PROBLEM REQUIREMENTS:
Given the records below, the lines starting at the line with "Nike M NSW tee" and ending at the line with "м, красный+черный Кабель" should be output exactly, both end lines kept and pictures left out.

PROVIDED MATERIAL:
========================================

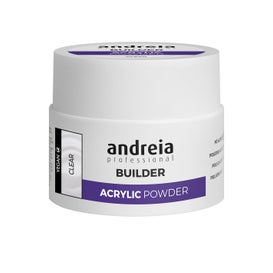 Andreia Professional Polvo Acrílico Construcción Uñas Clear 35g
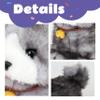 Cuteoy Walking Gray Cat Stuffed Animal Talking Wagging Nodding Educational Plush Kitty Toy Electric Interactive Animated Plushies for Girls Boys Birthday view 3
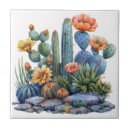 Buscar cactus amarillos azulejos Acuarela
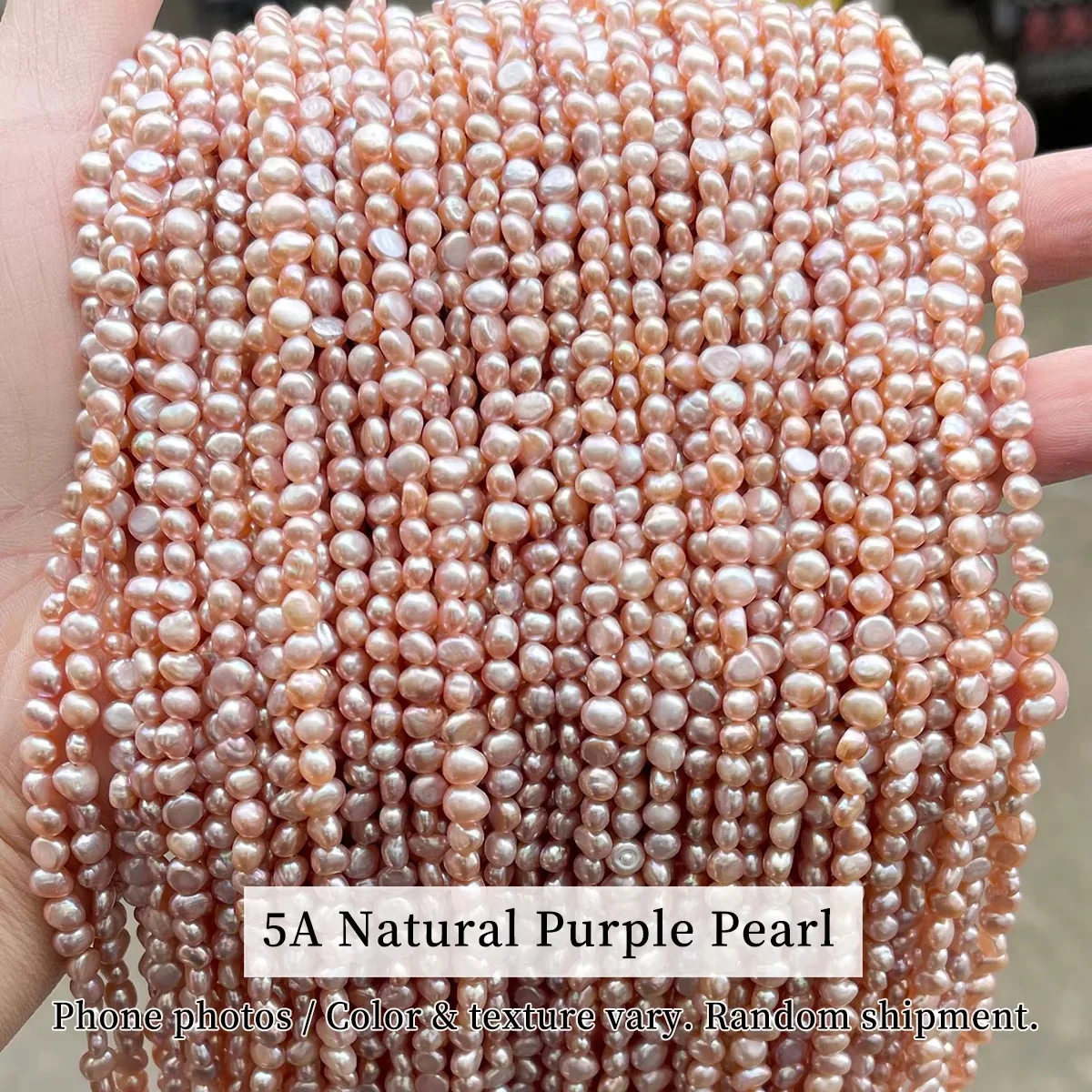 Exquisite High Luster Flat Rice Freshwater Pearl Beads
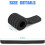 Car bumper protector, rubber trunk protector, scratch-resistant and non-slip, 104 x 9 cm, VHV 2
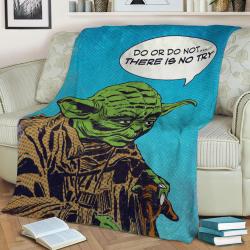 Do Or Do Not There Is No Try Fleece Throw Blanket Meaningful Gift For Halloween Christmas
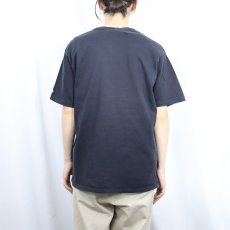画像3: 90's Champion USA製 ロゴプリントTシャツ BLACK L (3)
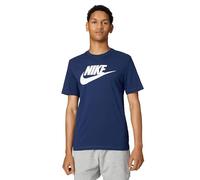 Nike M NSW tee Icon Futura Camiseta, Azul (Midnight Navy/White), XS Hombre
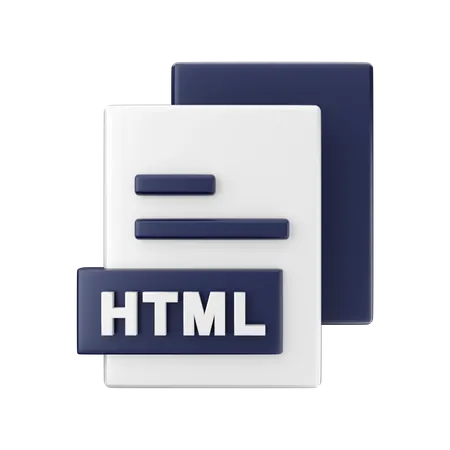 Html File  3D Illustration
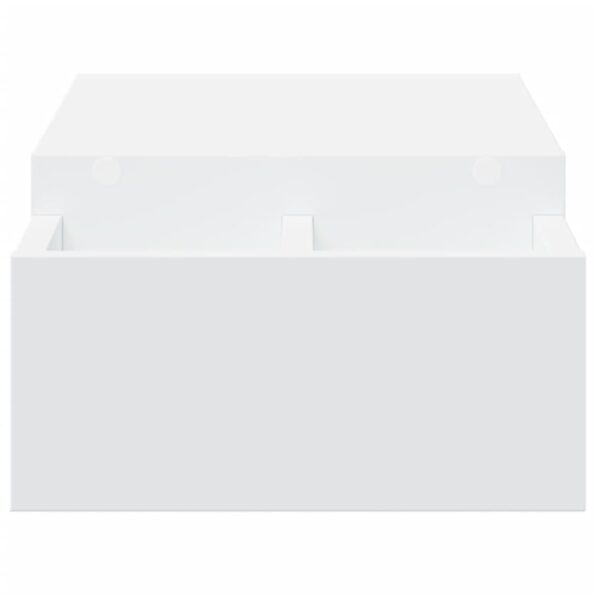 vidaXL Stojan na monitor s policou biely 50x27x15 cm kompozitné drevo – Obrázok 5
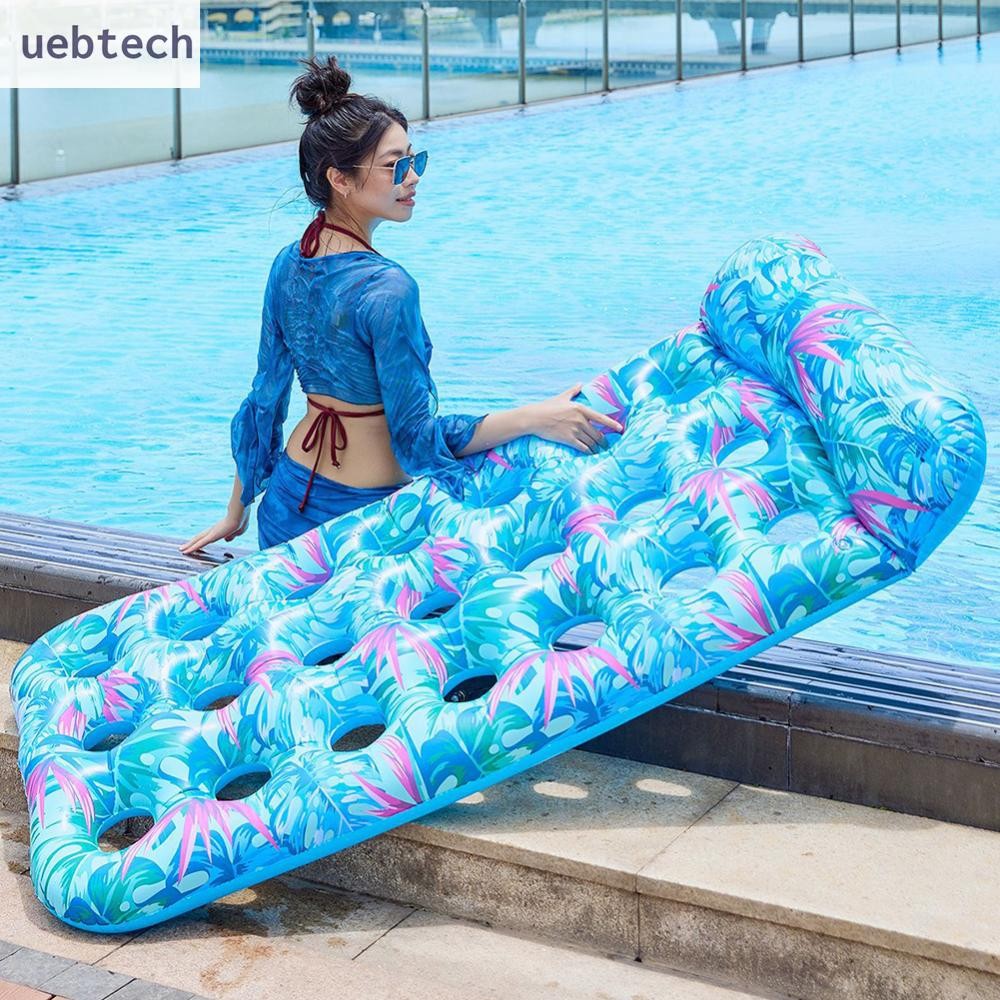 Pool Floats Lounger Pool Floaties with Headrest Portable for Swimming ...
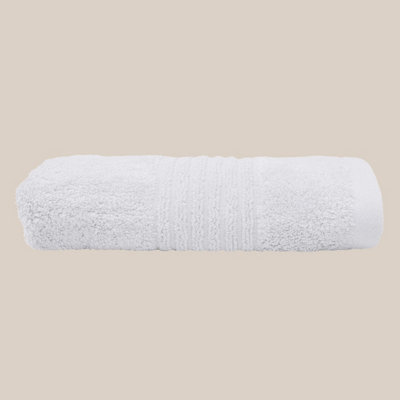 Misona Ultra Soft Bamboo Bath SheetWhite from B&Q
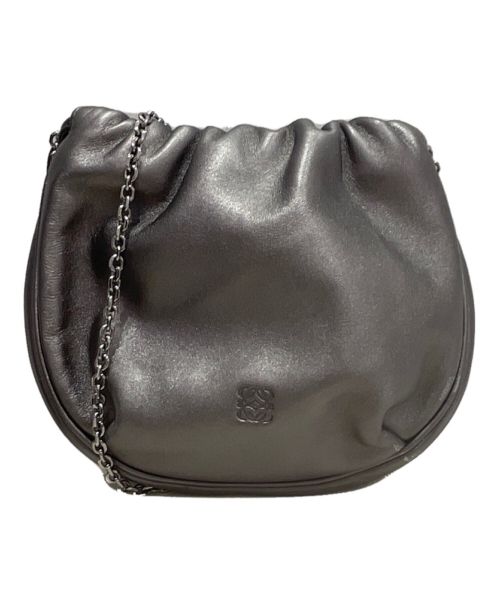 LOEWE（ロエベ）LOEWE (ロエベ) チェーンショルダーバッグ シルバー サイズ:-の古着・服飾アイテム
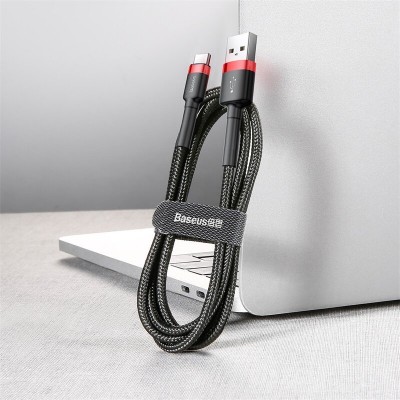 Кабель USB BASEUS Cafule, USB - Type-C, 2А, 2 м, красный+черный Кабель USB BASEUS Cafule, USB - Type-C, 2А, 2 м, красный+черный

========================================

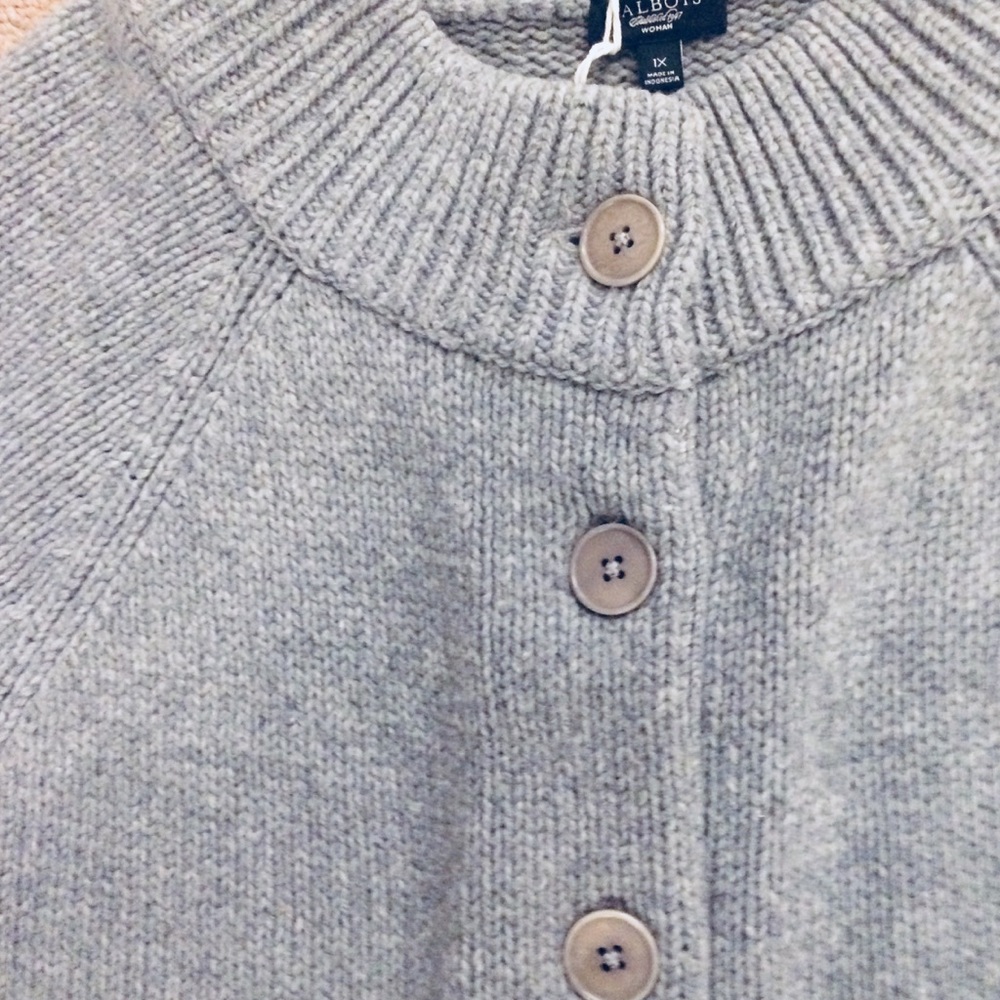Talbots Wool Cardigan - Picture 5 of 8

========================================

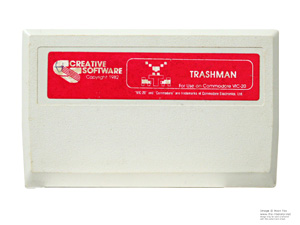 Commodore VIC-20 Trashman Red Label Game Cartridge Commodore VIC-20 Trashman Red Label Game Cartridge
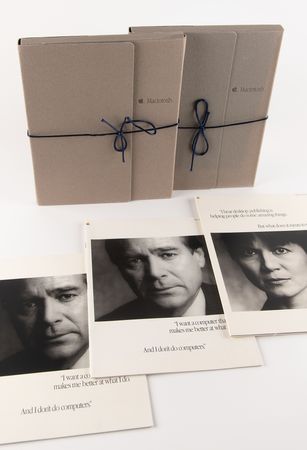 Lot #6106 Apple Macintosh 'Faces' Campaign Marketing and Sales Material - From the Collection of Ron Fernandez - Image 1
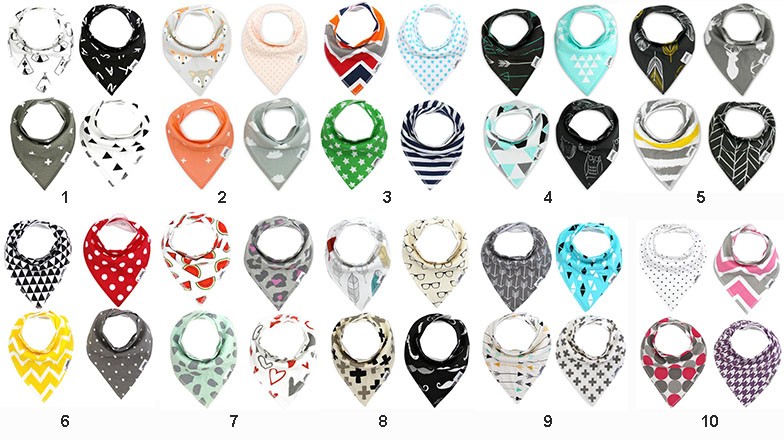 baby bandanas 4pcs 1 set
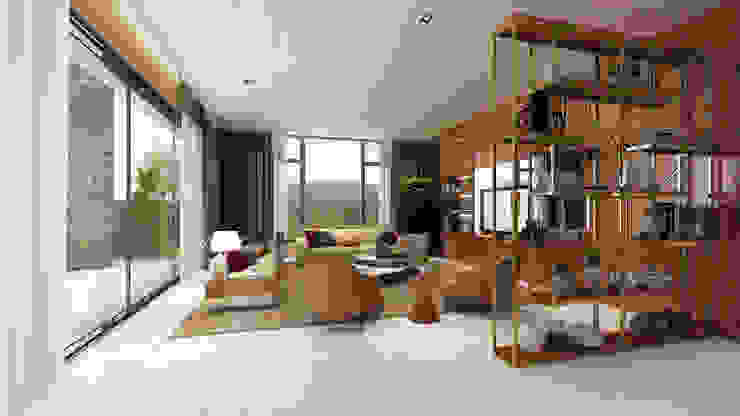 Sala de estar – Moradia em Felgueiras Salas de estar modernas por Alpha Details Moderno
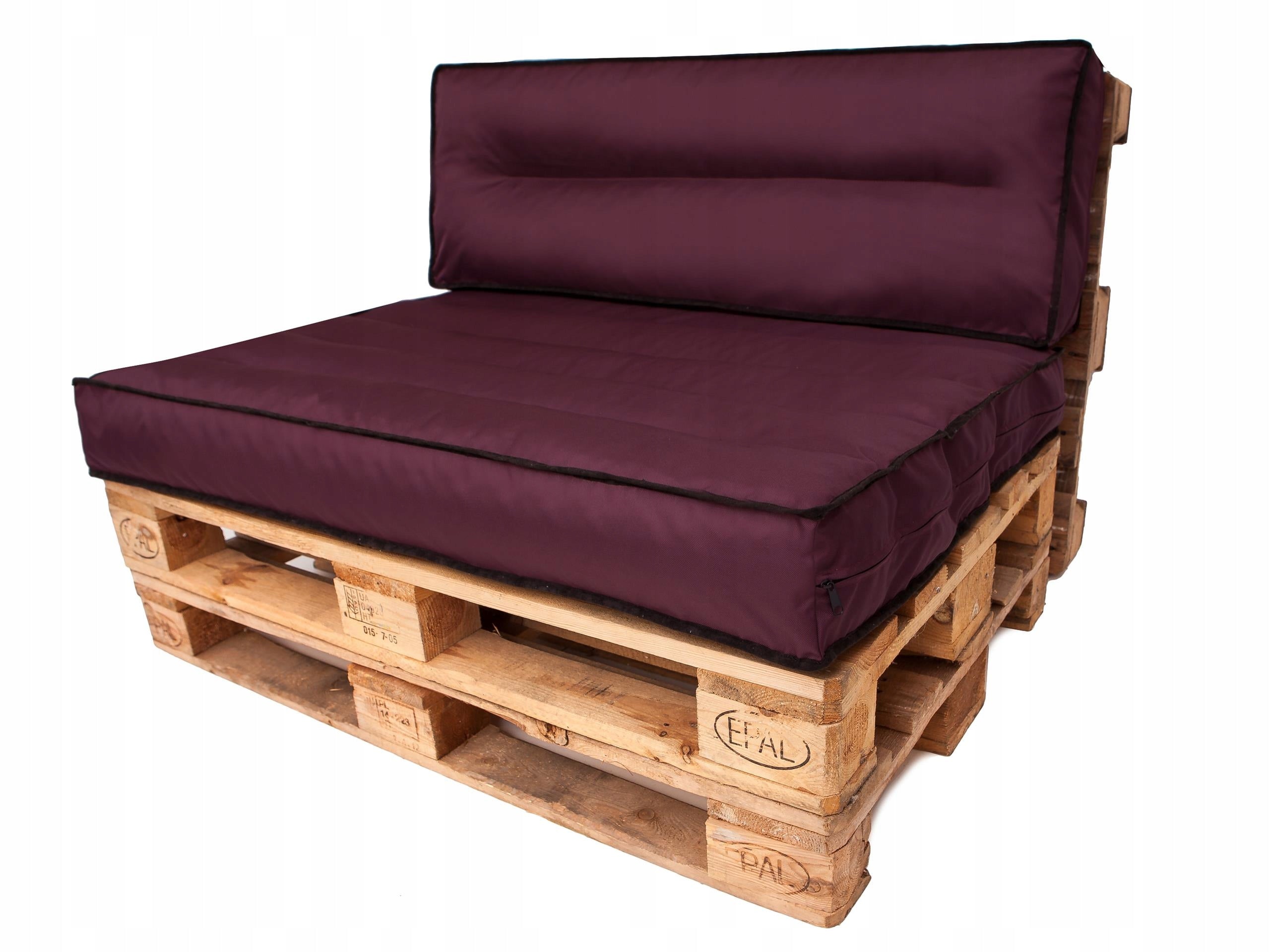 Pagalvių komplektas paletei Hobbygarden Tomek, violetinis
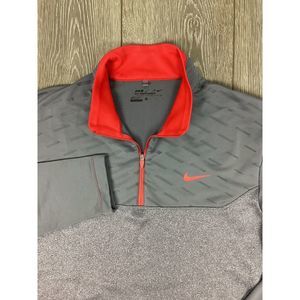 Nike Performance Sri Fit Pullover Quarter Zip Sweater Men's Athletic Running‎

========================================

EXERCISE OUTPUT:
 Nike M NSW tee Icon Futura Camiseta, Azul (Midnight Navy/White), XS Hombre
 Html File  3D Illustration
 vidaXL Stojan na monitor s policou biely 50x27x15 cm kompozitné drevo – Obrázok 5
 Pool Floats Lounger Pool Floaties with Headrest Portable for Swimming ...
 Misona Ultra Soft Bamboo Bath SheetWhite from B&Q
 LOEWE（ロエベ）LOEWE (ロエベ) チェーンショルダーバッグ シルバー サイズ:-の古着・服飾アイテム
 Кабель USB BASEUS Cafule, USB - Type-C, 2А, 2 м, красный+черный Кабель USB BASEUS Cafule, USB - Type-C, 2А, 2 м, красный+черный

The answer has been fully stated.